(Beginning of GIVEN ENTRIES)
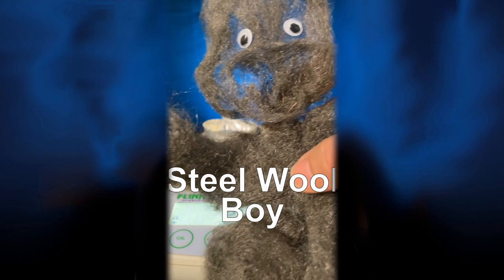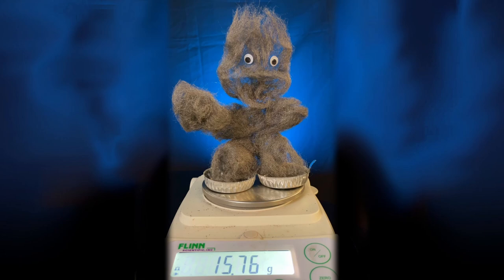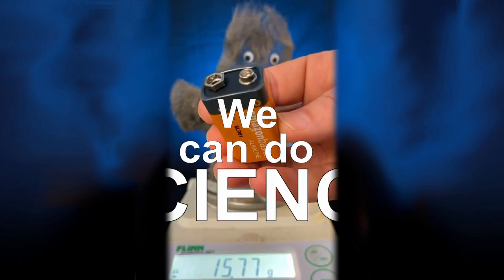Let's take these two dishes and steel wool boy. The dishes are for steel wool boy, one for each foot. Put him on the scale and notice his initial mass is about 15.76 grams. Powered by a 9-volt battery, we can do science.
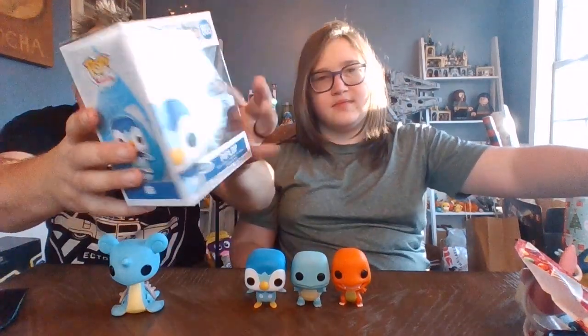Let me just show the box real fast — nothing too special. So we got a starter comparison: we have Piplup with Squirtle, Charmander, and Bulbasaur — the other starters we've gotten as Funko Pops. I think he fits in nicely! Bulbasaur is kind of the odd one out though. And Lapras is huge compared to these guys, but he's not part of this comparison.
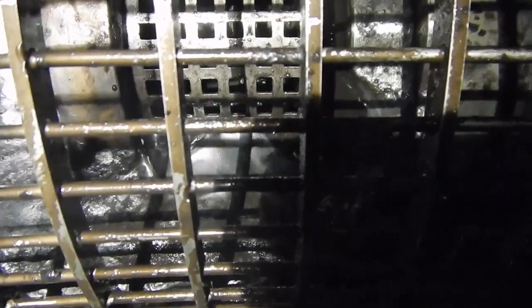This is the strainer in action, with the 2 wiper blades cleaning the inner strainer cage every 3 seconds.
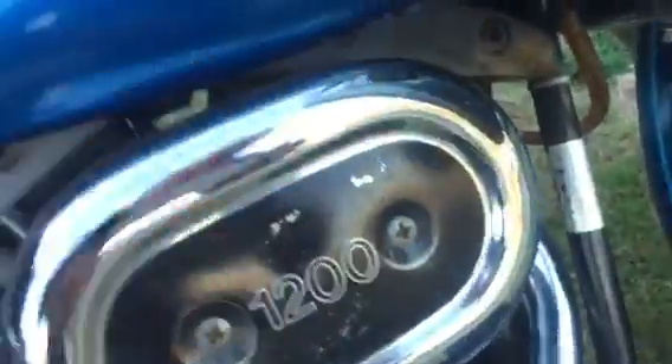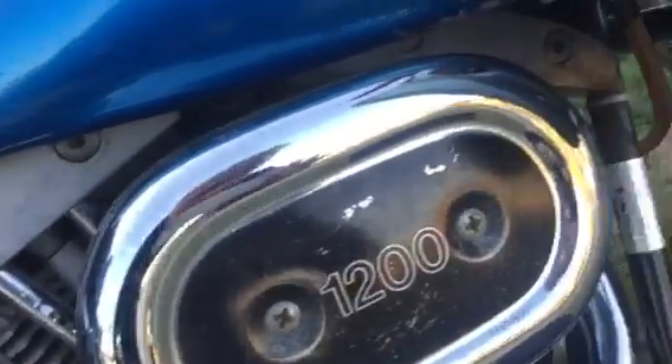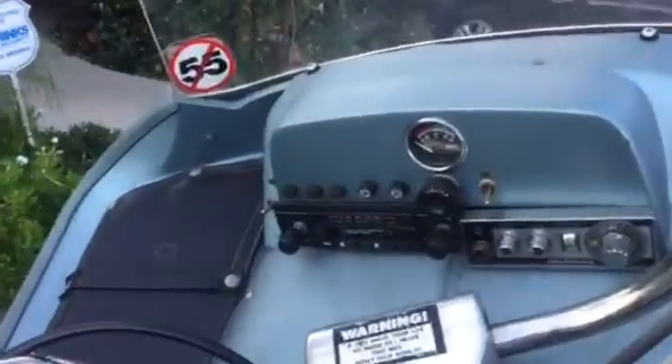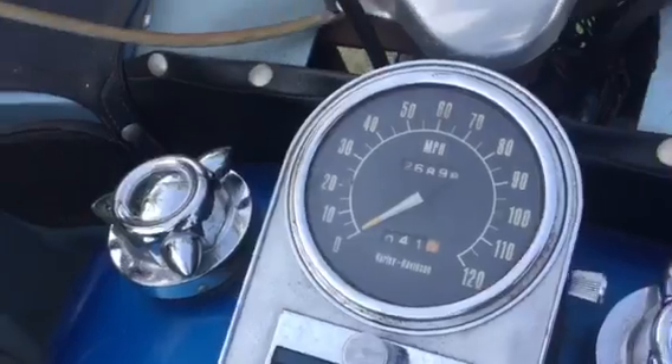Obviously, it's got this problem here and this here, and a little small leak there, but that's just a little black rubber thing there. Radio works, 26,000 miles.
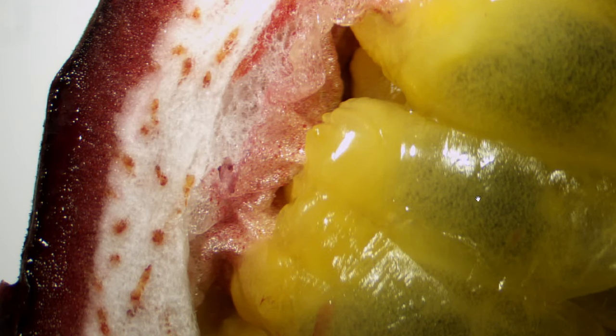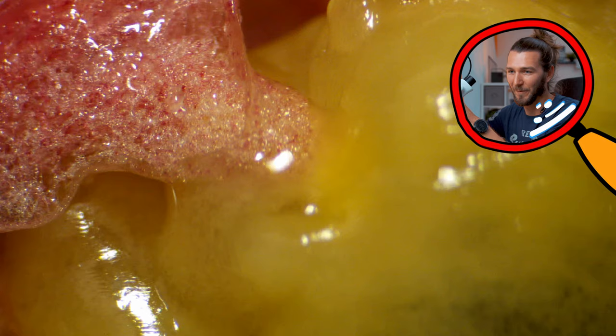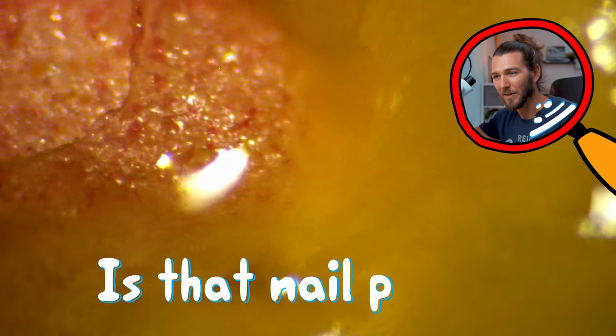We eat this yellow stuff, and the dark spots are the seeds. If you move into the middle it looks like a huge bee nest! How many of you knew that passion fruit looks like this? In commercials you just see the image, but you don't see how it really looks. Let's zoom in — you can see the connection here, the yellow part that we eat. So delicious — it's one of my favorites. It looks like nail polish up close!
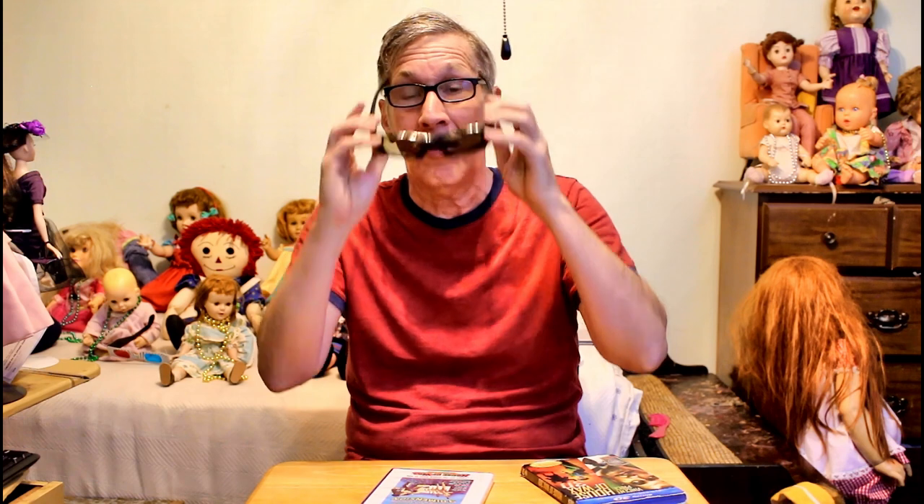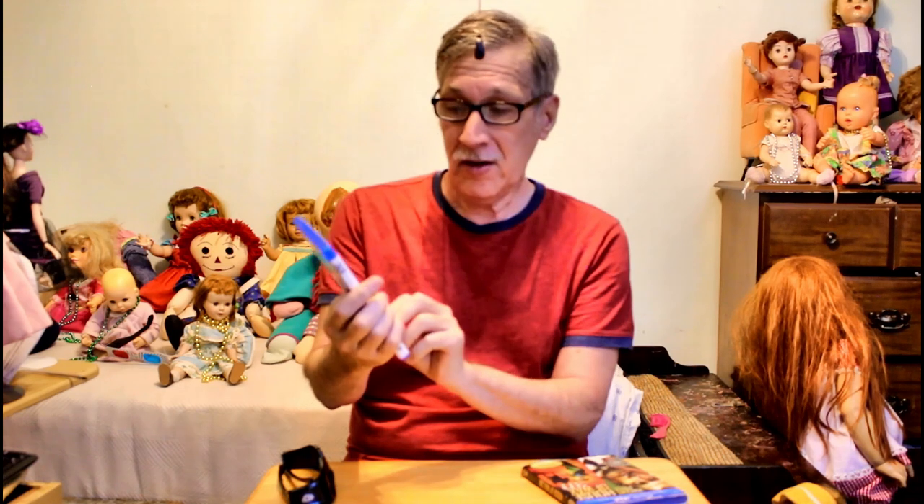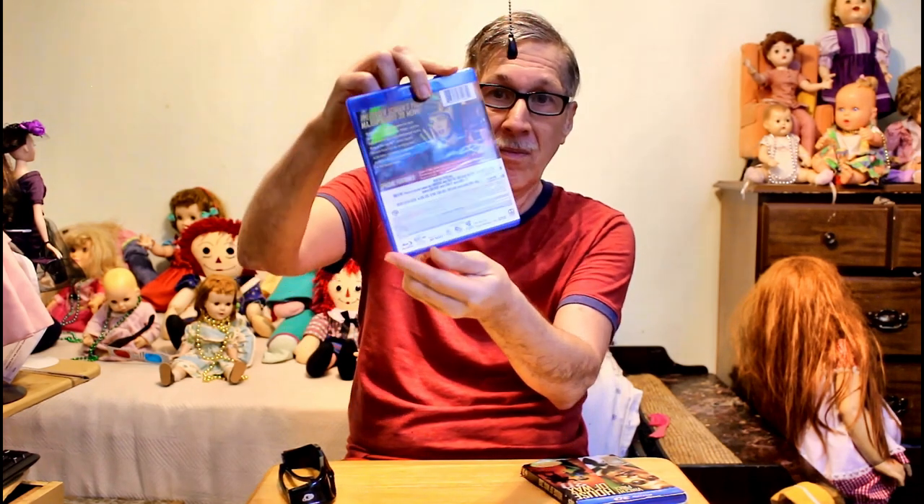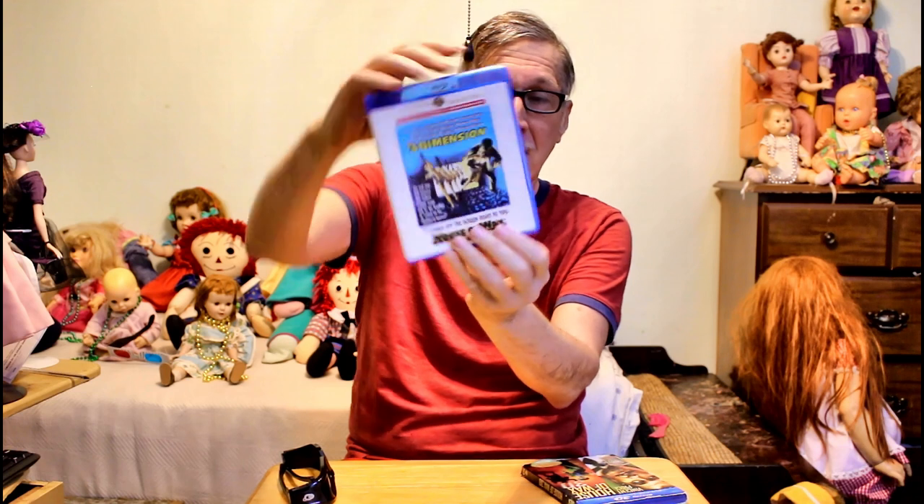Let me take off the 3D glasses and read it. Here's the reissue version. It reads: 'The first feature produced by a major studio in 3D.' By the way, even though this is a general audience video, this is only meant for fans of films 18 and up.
(End of GIVEN ENTRIES)
* [AIM OF THE EXERCISE]: Every line from the one with "Obviously, it's got" through the end of the records is to be reproduced exactly, and the pictures are to be left out.

* [TASK RESPONSE]:
Obviously, it's got this problem here and this here, and a little small leak there, but that's just a little black rubber thing there. Radio works, 26,000 miles.
We eat this yellow stuff, and the dark spots are the seeds. If you move into the middle it looks like a huge bee nest! How many of you knew that passion fruit looks like this? In commercials you just see the image, but you don't see how it really looks. Let's zoom in — you can see the connection here, the yellow part that we eat. So delicious — it's one of my favorites. It looks like nail polish up close!
Let me take off the 3D glasses and read it. Here's the reissue version. It reads: 'The first feature produced by a major studio in 3D.' By the way, even though this is a general audience video, this is only meant for fans of films 18 and up.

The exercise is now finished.